## PROBLEM DETAILS:
Nothing but the lines from the one showing "Darío Lezcano ingresó" through the final line of the data below belongs in the answer, duplicated exactly and without pictures.

## THE DATA:

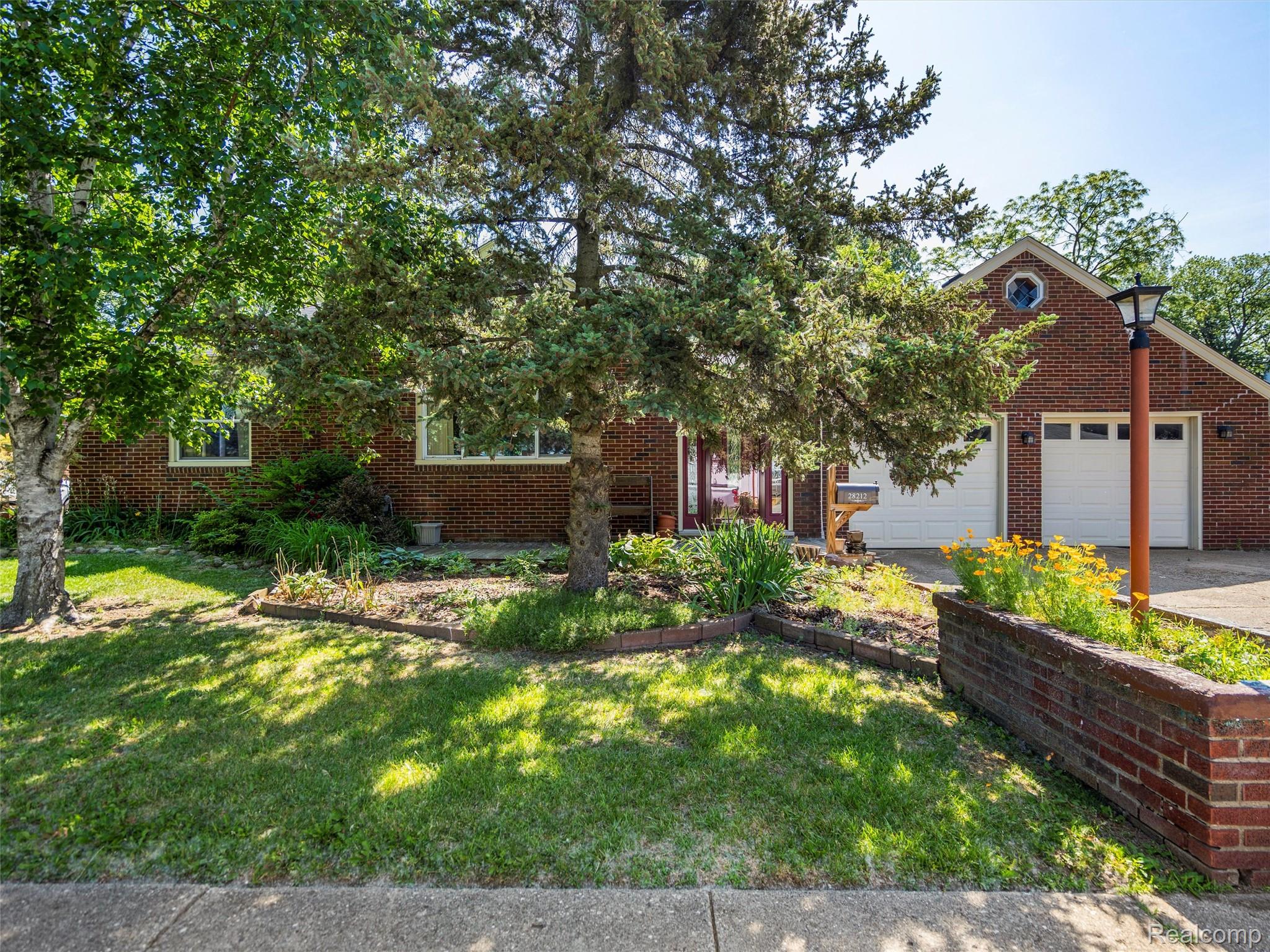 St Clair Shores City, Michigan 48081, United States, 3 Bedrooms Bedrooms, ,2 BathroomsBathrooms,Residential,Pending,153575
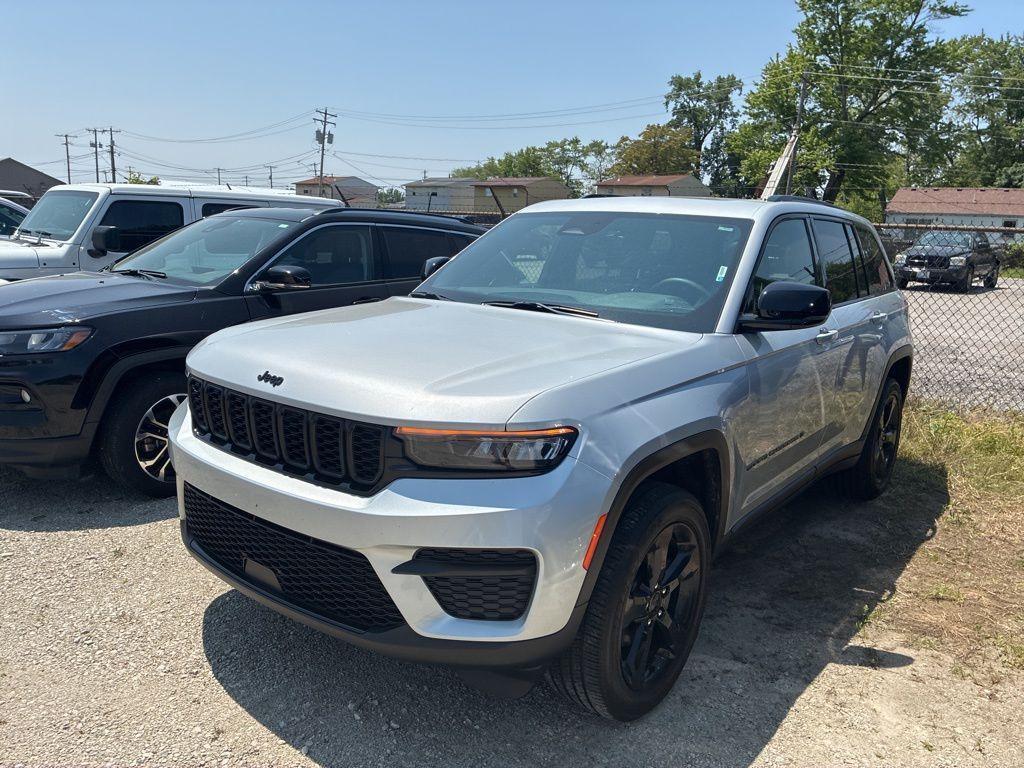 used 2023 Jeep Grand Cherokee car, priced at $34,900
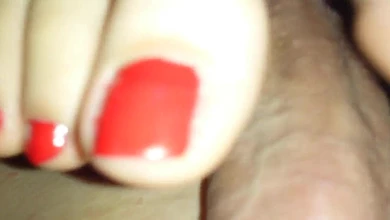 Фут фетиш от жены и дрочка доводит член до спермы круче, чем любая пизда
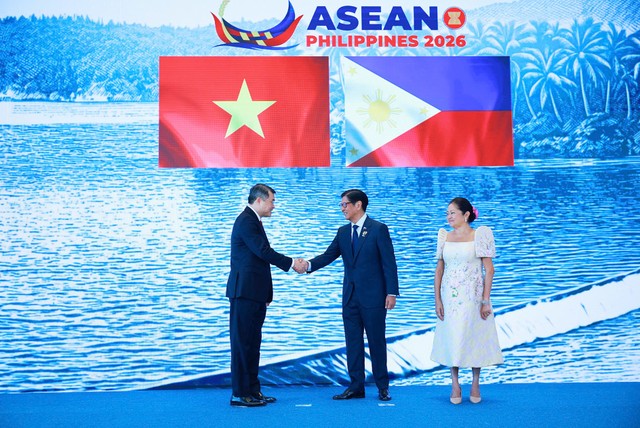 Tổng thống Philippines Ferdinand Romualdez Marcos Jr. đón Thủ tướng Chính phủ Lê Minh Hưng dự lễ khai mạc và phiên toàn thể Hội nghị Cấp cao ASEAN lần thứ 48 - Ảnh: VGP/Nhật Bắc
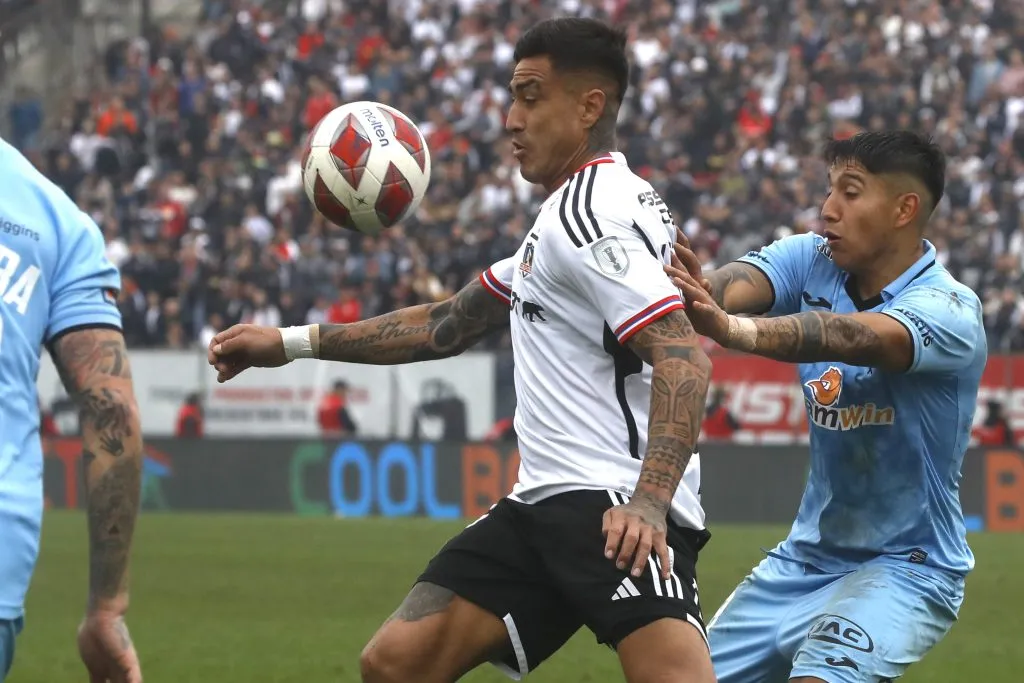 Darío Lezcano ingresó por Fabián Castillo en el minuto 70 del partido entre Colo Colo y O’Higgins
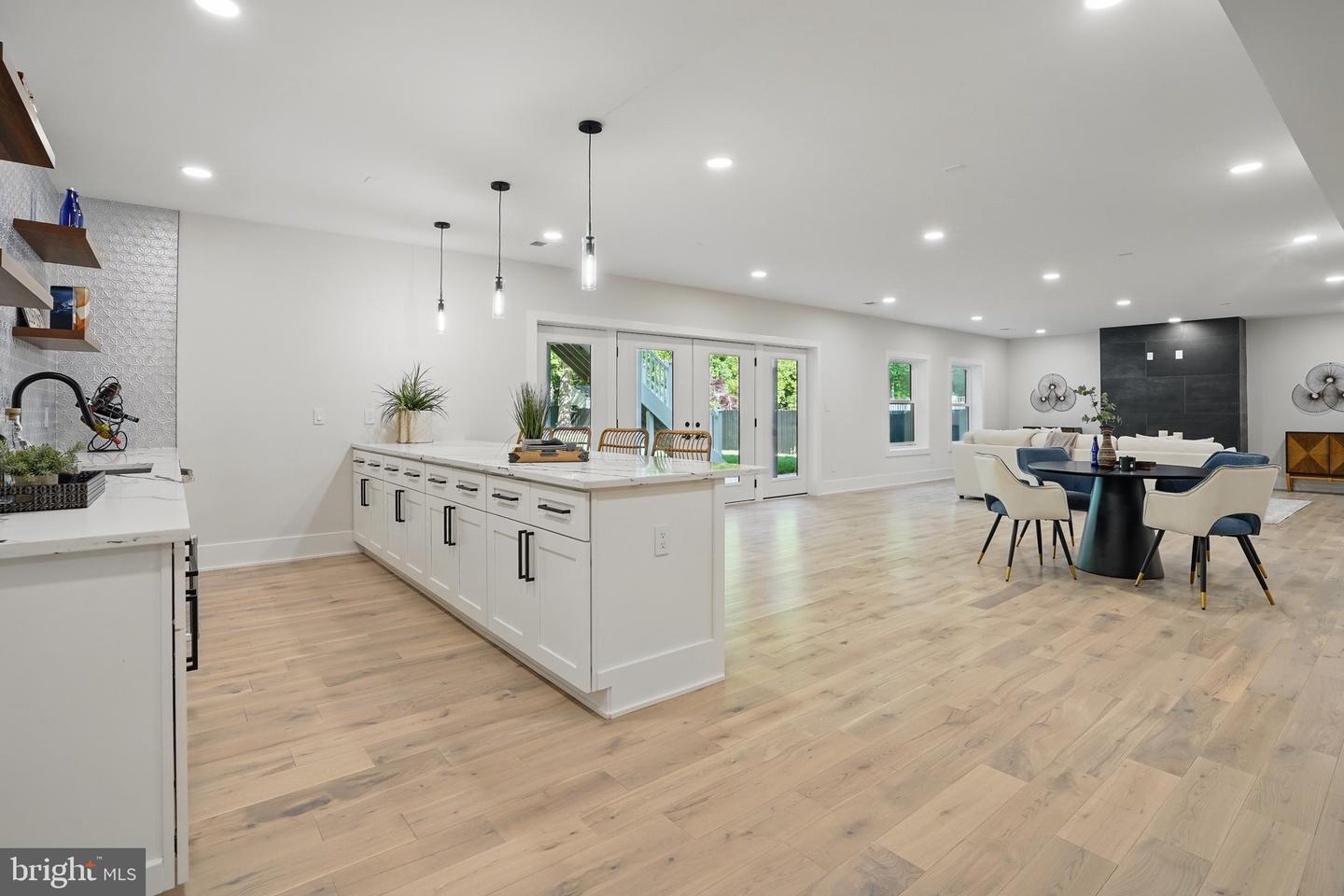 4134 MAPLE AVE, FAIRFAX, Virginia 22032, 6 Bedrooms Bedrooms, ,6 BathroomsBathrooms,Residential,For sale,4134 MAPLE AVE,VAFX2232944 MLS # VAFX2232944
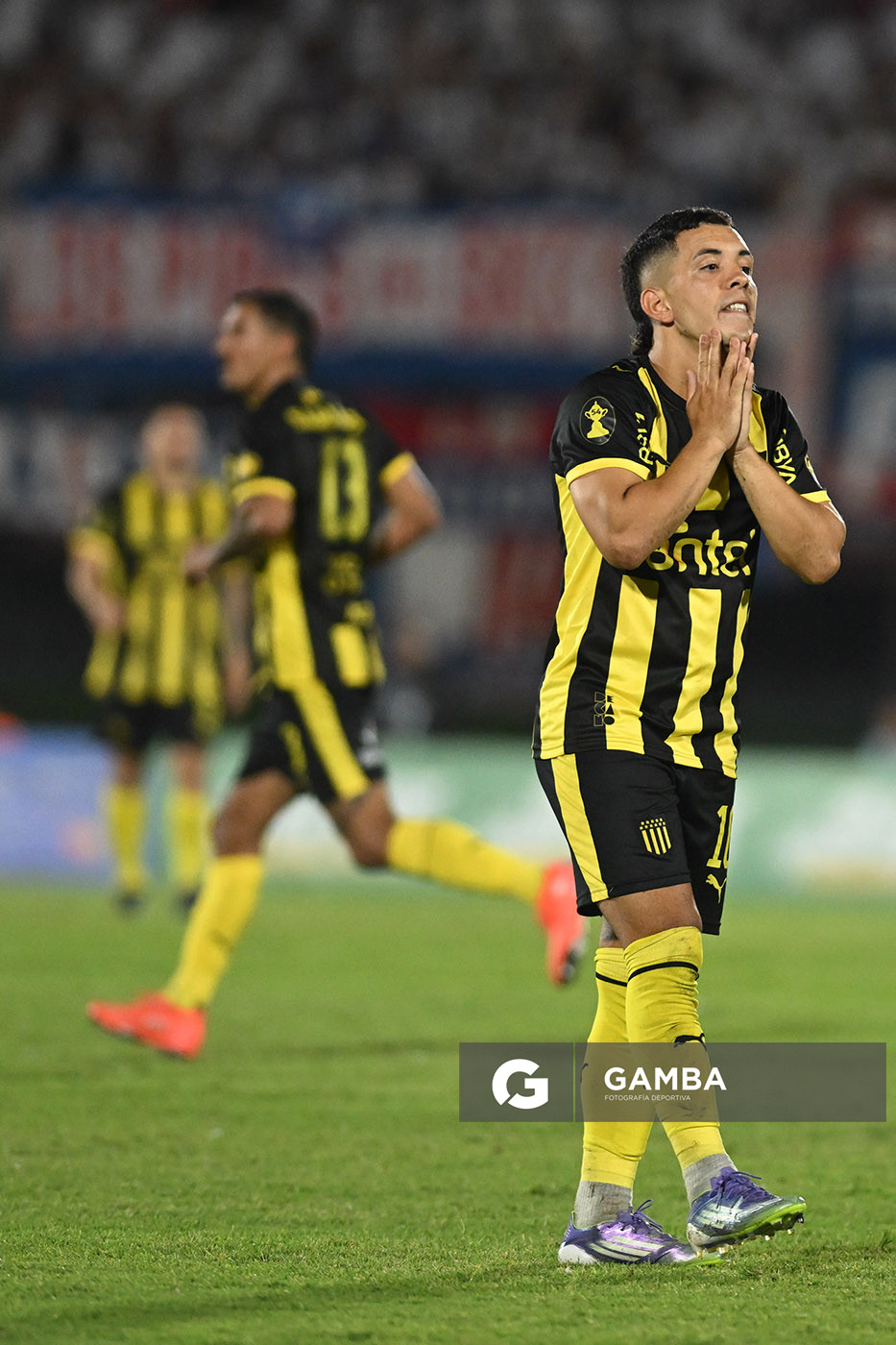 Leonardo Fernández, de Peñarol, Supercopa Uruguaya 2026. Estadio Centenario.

## EXERCISE OUTPUT:
 Darío Lezcano ingresó por Fabián Castillo en el minuto 70 del partido entre Colo Colo y O’Higgins
 4134 MAPLE AVE, FAIRFAX, Virginia 22032, 6 Bedrooms Bedrooms, ,6 BathroomsBathrooms,Residential,For sale,4134 MAPLE AVE,VAFX2232944 MLS # VAFX2232944
 Leonardo Fernández, de Peñarol, Supercopa Uruguaya 2026. Estadio Centenario.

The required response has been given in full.